What to expect from your doctor
Your doctor is likely to ask you a number of questions. Being ready to answer them may reserve time to go over any points you want to spend more time on. Your doctor may ask:
- When did you first begin experiencing symptoms?
- Have your symptoms been continuous or occasional?
- How severe are your symptoms?
- What, if anything, seems to improve your symptoms?
- What, if anything, appears to worsen your symptoms?
- Do you have any chronic health conditions?
- Do you have any mental health disorders, such as anxiety, depression or post-traumatic stress disorder (PTSD)?
- What medications or herbal supplements do you take?

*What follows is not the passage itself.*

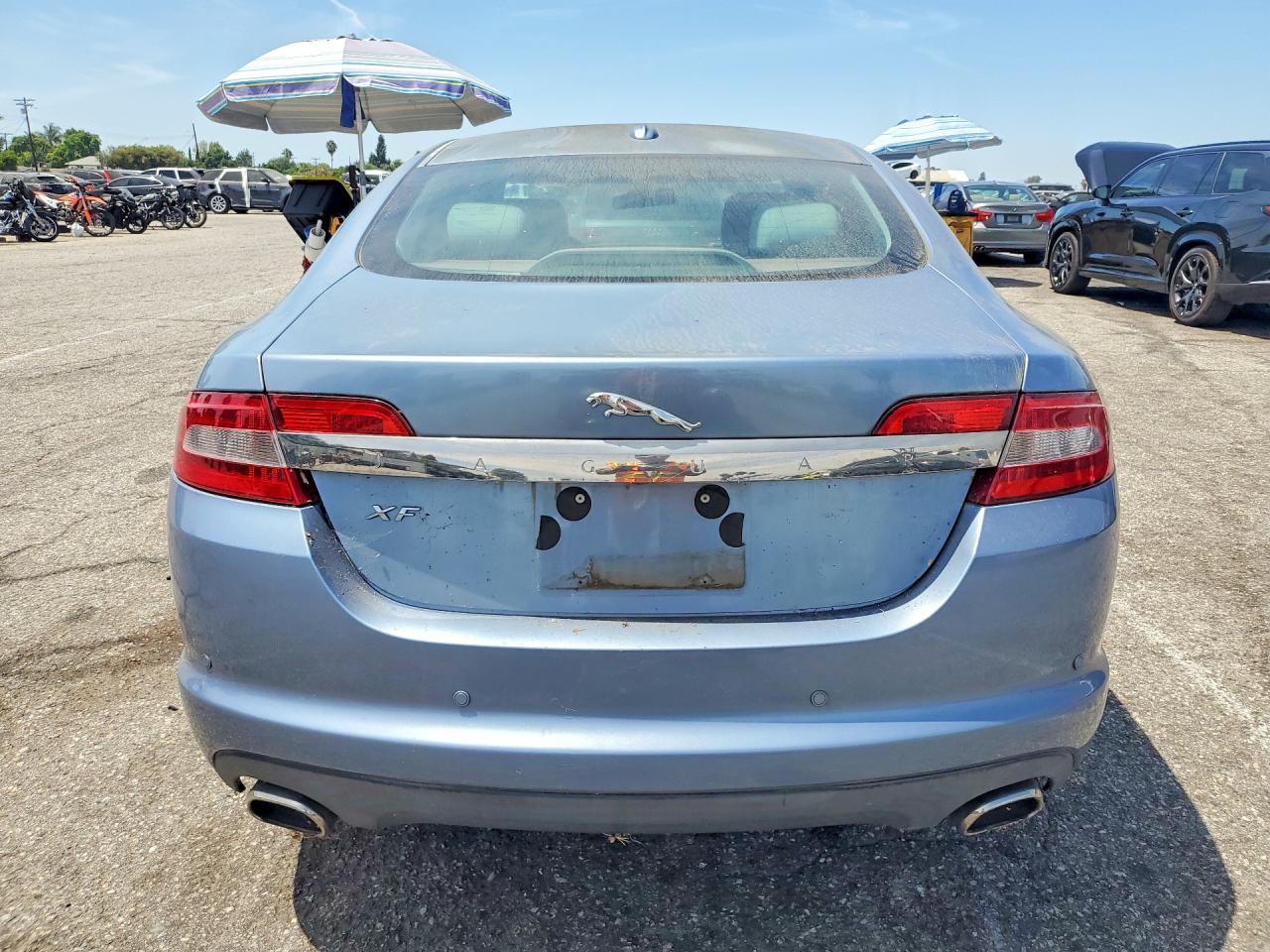 2009 Jaguar Xf Luxury Blue vin: SAJWA05B79HR37011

- Do you use drugs or drink alcohol?
To be diagnosed with depersonalization disorder, you must meet the symptom criteria spelled out in the Diagnostic and Statistical Manual of Mental Disorders (DSM). This manual is published by the American Psychiatric Association and is used by mental health providers to diagnose mental conditions. To be diagnosed with depersonalization disorder, you must have the following signs and symptoms:
- You have persistent or recurrent experiences of feeling detached from your thinking, emotions or your body. You may feel like an outside observer watching yourself, or as if you were in a dream.
- During the depersonalization experience, you are aware that the experience is not "real."
- Depersonalization causes significant distress or interferes with your social life, job, or other important areas of your life.
- The depersonalization experience isn't directly caused by another mental disorder, such as schizophrenia, panic disorder, acute stress disorder, or another dissociative disorder, and is not due to the direct physiological effects of alcohol, drugs or a medical condition (such as epilepsy, for example).
Your doctor will want to make sure your feelings of depersonalization aren't due to some other disorder, such as depression, schizophrenia or epilepsy. You may need further evaluation or tests to rule out these and other causes.
Treatment of depersonalization disorder may include:
- Psychological counseling. This helps you understand why depersonalization occurs and trains you to stop worrying about the symptoms so that they go away. Depersonalization disorder may also improve when counseling helps with other psychological conditions, such as depression.
- Medications. While there are no medications specifically approved to treat depersonalization disorder, a number of medications generally used to treat depression and anxiety may help. Some examples that have been shown to relieve symptoms include fluoxetine (Prozac), clomipramine (Anafranil) and clonazepam (Klonopin).
While depersonalization can be frightening, it isn't necessarily harmful. Realizing that you don't have some major neurological problem or serious mental illness can be very reassuring, and may help you cope with depersonalization.
- Read about the condition. A number of books are available that discuss why depersonalization occurs and how to cope with it.
- Join a support group. Websites and local support groups can help you recognize you aren't alone and learn what helps others.
- Practice specific therapy techniques. Counseling for depersonalization may involve practicing certain techniques to help resolve feelings of depersonalization on a daily basis. Two such techniques include cognitive behavioral therapy and dialectical behavioral therapy.